Avec cette vision évolutionniste, l’écosystème tumoral est défini comme un environnement dans lequel plusieurs cellules prolifèrent à la façon d’une espèce invasive dans un écosystème. La tumeur ne doit alors pas être considérée comme un ensemble de cellules génétiquement homogènes mais comme un ensemble de sous-populations clonales. Celles-ci vivent ensemble dans l’écosystème tumoral et leur coopération favorise le développement de la tumeur. Par exemple certains clones accroissent la vascularisation de la tumeur, qui profite à toutes les cellules cancéreuses. Cependant, si l’une des lignées clonales acquiert un nouveau caractère, cela ne garantit pas pour autant la prolifération de cette population clonale. En effet, parallèlement aux interactions de coopération, la compétition entre les sous-populations clonales pour le partage des ressources tend à freiner le développement de chaque clone.

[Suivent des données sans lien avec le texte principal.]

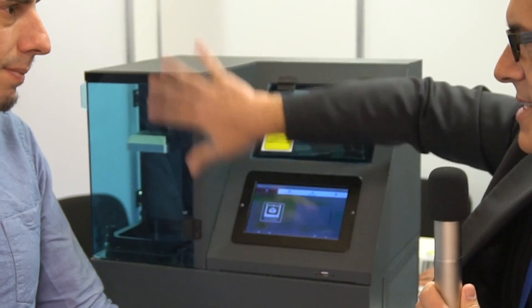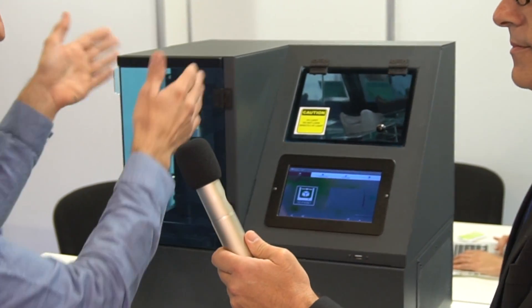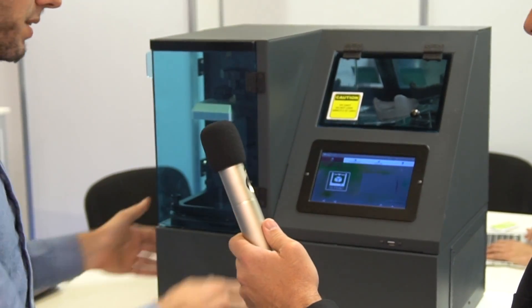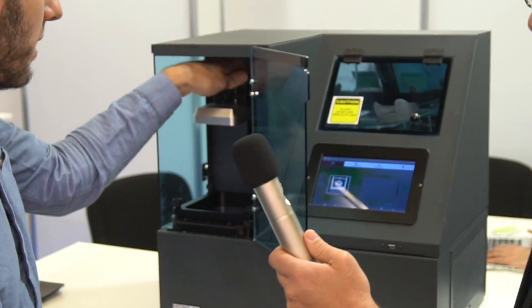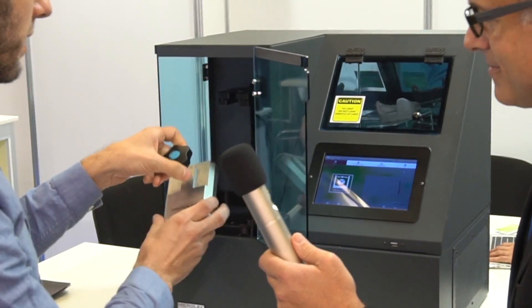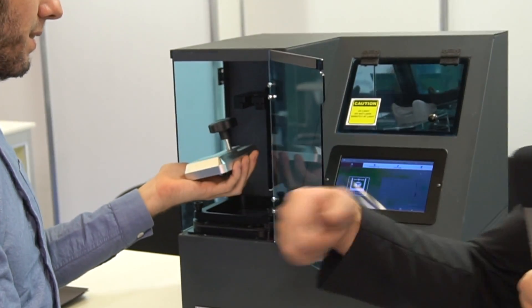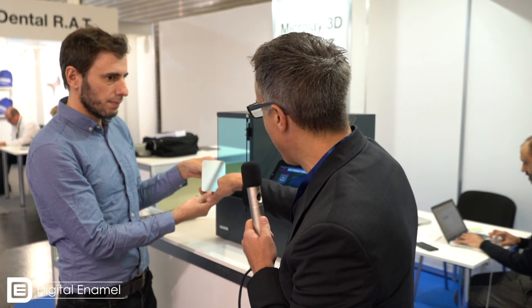Gene, tell us a little bit about what this is and what this does. Well, this is the real printer — this is where things happen. We have this aluminum plate, which I think is beautiful. Yes, it's very nice. This is the build platform. So if you flip that over for the camera — this is where the print gets stuck to when you're done, and it's built up out of this vat of resin down there.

Dans le cadre des traitements oncologiques, jusque dans les années 2000, les thérapies se basaient sur la recherche de la dose maximale tolérée par les cellules saines du patient. De telles thérapies, qui visent à éradiquer les cellules tumorales, fonctionnent sur certains patients, mais restent cependant inefficaces sur un trop grand nombre de cancers. Lorsque le traitement est efficace, il provoque une diminution de la masse tumorale. Cependant, l’instabilité génomique et épigénomique est inhérente aux cellules cancéreuses et entraîne une grande hétérogénéité au sein de la tumeur 345. Ainsi, même si la tumeur décline, il arrive qu’un petit nombre de cellules résistantes survivent et prolifèrent :
- Soit grâce à la présence d’un petit nombre de cellules résistantes préexistantes au traitement.
- Soit parce qu’il s’est écoulé suffisamment de temps entre deux traitements thérapeutiques pour que se produisent des mutations à l’origine de mécanismes de résistance.
- Soit parce qu’une partie de la tumeur a été soumise à des concentrations sublétales de médicaments, permettant de sélectionner progressivement des cellules résistantes au traitement.
Ainsi, dès lors que certaines cellules tumorales développent une résistance au traitement, ce dernier perd son efficacité. Le problème qui se pose est finalement le même que face au développement des résistances contre les pesticides en agriculture ou contre les antibiotiques en santé publique. Ainsi, les thérapies contre les cancers peuvent s’inspirer des nouvelles pratiques utilisées en santé publique contre la résistance aux antibiotiques ou encore en agriculture dans la lutte contre les ravageurs. Dans ce dernier cas, la gestion des ravageurs consiste à prévenir l’émergence de résistance aux traitements (pesticides) tout en maintenant un niveau de dommage acceptable pour l’écosystème (agricole). Ces pratiques s’appuient sur des modèles de dynamique évolutive pour développer des traitements où les produits phytosanitaires et les médicaments sont utilisés plus judicieusement et avec parcimonie.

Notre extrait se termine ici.